Start of Records to process

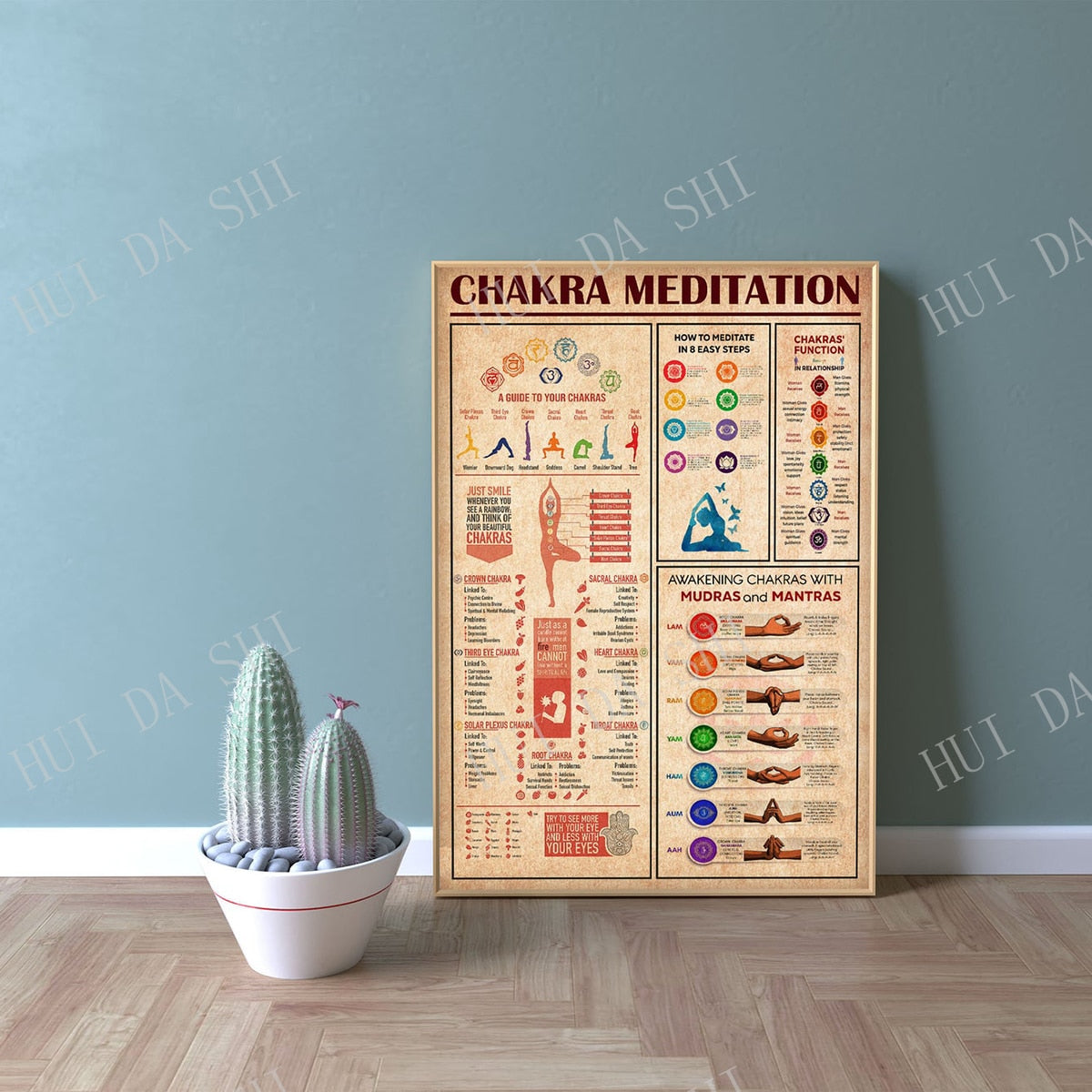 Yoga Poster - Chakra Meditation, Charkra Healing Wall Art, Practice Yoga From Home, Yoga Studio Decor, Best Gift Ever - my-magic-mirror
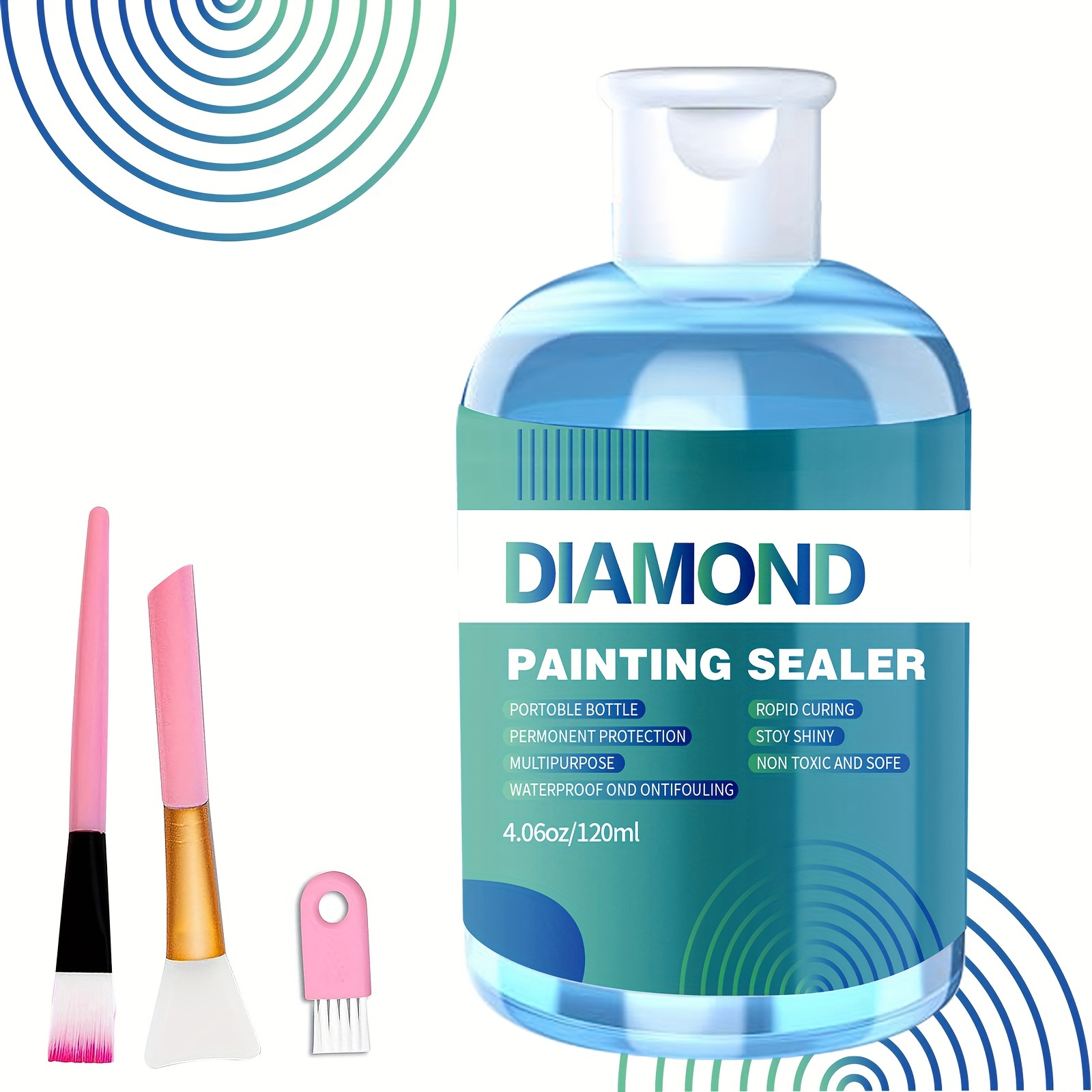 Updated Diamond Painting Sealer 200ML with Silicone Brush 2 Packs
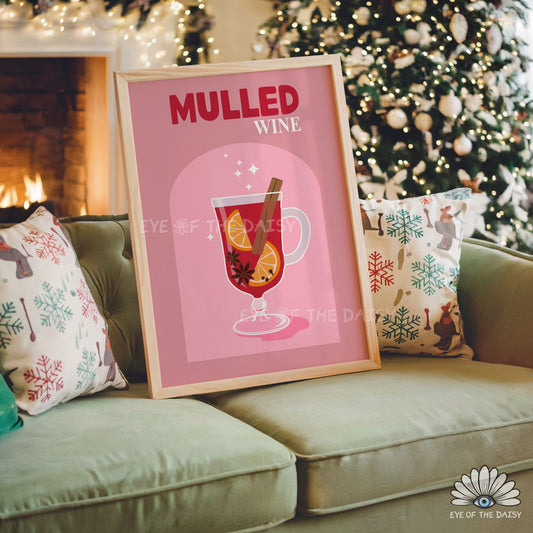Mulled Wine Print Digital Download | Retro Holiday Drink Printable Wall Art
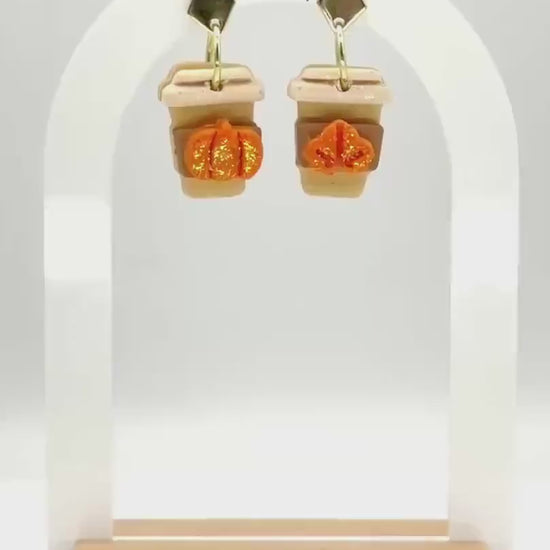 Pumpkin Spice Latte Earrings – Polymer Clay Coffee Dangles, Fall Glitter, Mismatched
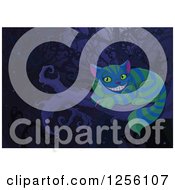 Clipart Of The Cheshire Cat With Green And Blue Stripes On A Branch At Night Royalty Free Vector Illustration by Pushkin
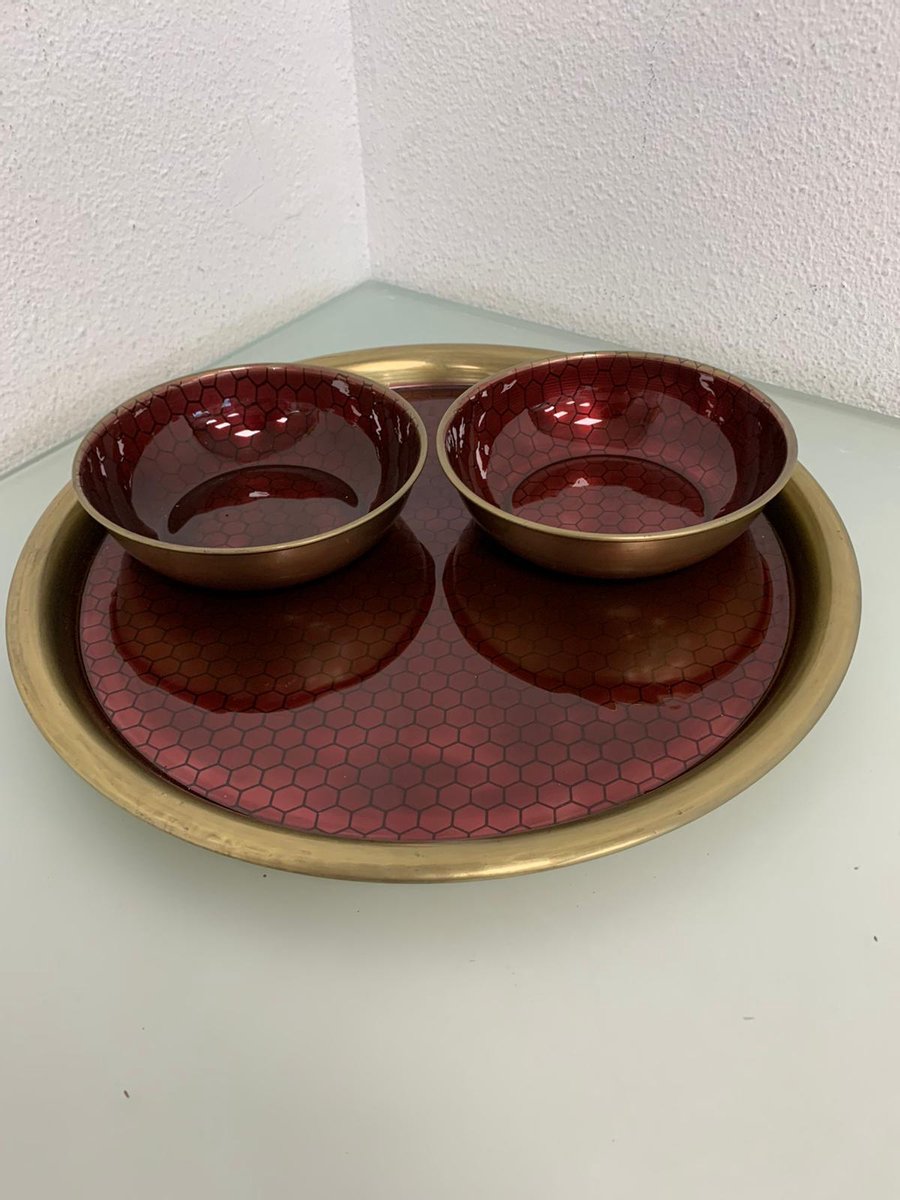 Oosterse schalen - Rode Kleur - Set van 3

End of Records to process

Work request »
Only the pictures should be left out; write out everything else in the records exactly.

Task solution »
 Yoga Poster - Chakra Meditation, Charkra Healing Wall Art, Practice Yoga From Home, Yoga Studio Decor, Best Gift Ever - my-magic-mirror
 Updated Diamond Painting Sealer 200ML with Silicone Brush 2 Packs
Mulled Wine Print Digital Download | Retro Holiday Drink Printable Wall Art
 Pumpkin Spice Latte Earrings – Polymer Clay Coffee Dangles, Fall Glitter, Mismatched
 Clipart Of The Cheshire Cat With Green And Blue Stripes On A Branch At Night Royalty Free Vector Illustration by Pushkin
 Oosterse schalen - Rode Kleur - Set van 3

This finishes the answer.